Public–private investments in new environmental risk–benefit analytical approaches, including the identification of information needs; the development of assay methods and laboratory and field-study designs and monitoring protocols; and models (conceptual through computational) to inform risk assessments across appropriate biological, spatial, and temporal scales can also be used to address potential ecological outcomes associated with future open-release biotechnology products.
Enhancing the Capabilities, Expertise, and Tools of Regulatory Agencies
In the previous sections of this report, needed risk-analysis knowledge and technological capabilities were noted. Chapter 2 describes types of future biotechnology products, many of which will not have obvious comparators to nonbiotechnology products and in turn may require a new generation of risk-analysis approaches. Some of the use patterns for future products also highlight the need for developing spatially and temporally explicit risk-assessment capabilities. In addition, Chapter 2 points to the potential increase in the sheer number of products that may need to be assessed in the future, which highlights the need for an effective, high-throughput risk-analysis system. In Chapter 4, the need for probabilistic assessments to better interpret comparative risk assessments and management options was introduced. The above section “Consistent, Efficient, Effective Decision-Making Processes for Future Products of Biotechnology” also raises the need for assessing similarities and differences among biotechnology products and anticipates a stratified assessment process that in some cases will be highly reliant on access to existing risk-analysis data or data summaries for biotechnology products already in the market. To this end, a suite of publicly available physical and computational models and methodologies that can be accessed for risk assessments with different degrees of complexity would be helpful. Examples of sampling designs and indicators to support post-market surveillance and monitoring programs would also be beneficial.

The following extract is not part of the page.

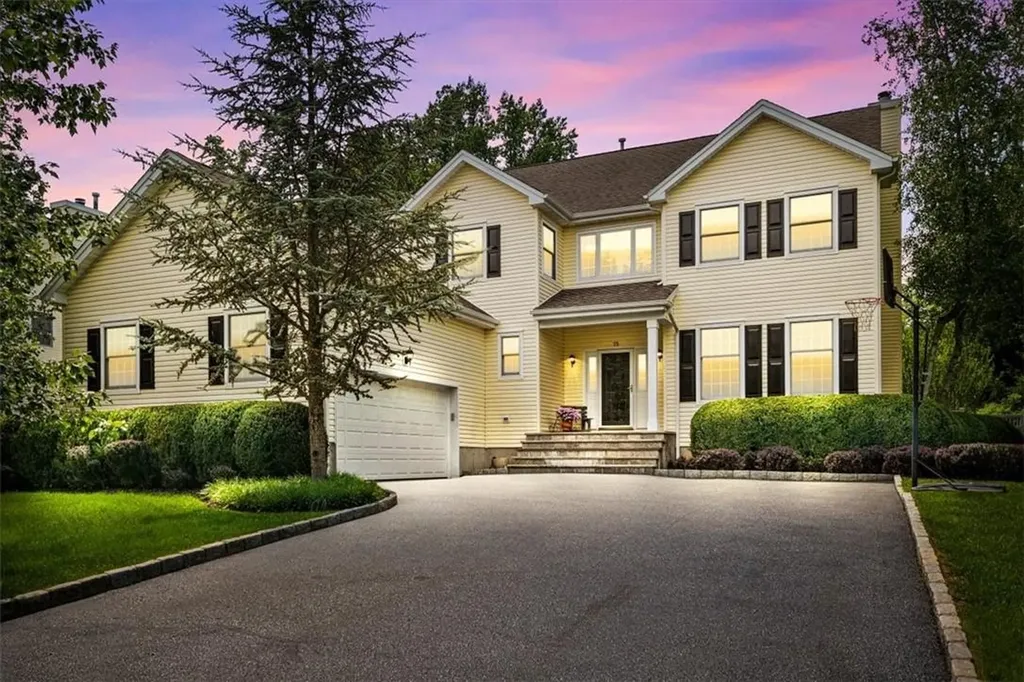 75 Travis Road Baldwin Place NY 10505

To organize the discussion on risk-analysis tools needed for products expected in the next 5–10 years, the committee adapted categories of future research needs prepared through workshop deliberations addressing the need for a research agenda exploring the ecological implications of synthetic biology (Drinkwater et al., 2014) and a workshop and Delphi study on synthetic-biology governance (Roberts et al., 2015). The research areas identified to address gaps in risk analyses include many of those the committee sought information for in its request for information (RFI) to federal agencies (see Chapter 4 and Appendix C): comparators, off-target gene effects, and phenotypic characterizations; gene fitness, genetic stability, and horizontal gene transfer; control
of organismal traits; monitoring and surveillance; modeling and life-cycle analyses; and economic and social costs and benefits. The responses to the RFI indicate that some work is being done in these areas, but the committee thinks it is likely insufficient for the number and kinds of biotechnology products the agencies can expect to see. The committee also identified molecular characterization and standardization of risk-analysis methods and data management as areas in need of research.
Comparators, Off-Target Gene Effects, and Phenotypic Characterization
As discussed earlier in this chapter, there is a need to advance quantitative comparisons that can facilitate assessment of future biotechnology products. A key characteristic of the risk-assessment process in use at the time the committee was writing its report was comparability between biotechnology products and their nonbiotechnology counterparts. However, as noted in Chapter 4, the use of nonbiotechnology comparators is becoming more challenging. Transformations can be made in host organisms that are not well characterized, and there may not be baseline data on the nontransformed counterpart host. Furthermore, some new biotechnology products may contain only synthetic DNA, which would have no nonbiotechnology counterpart. Therefore, the idea of “comparator” may need to expand to include similar existing biotechnology products with which regulatory agencies already have experience.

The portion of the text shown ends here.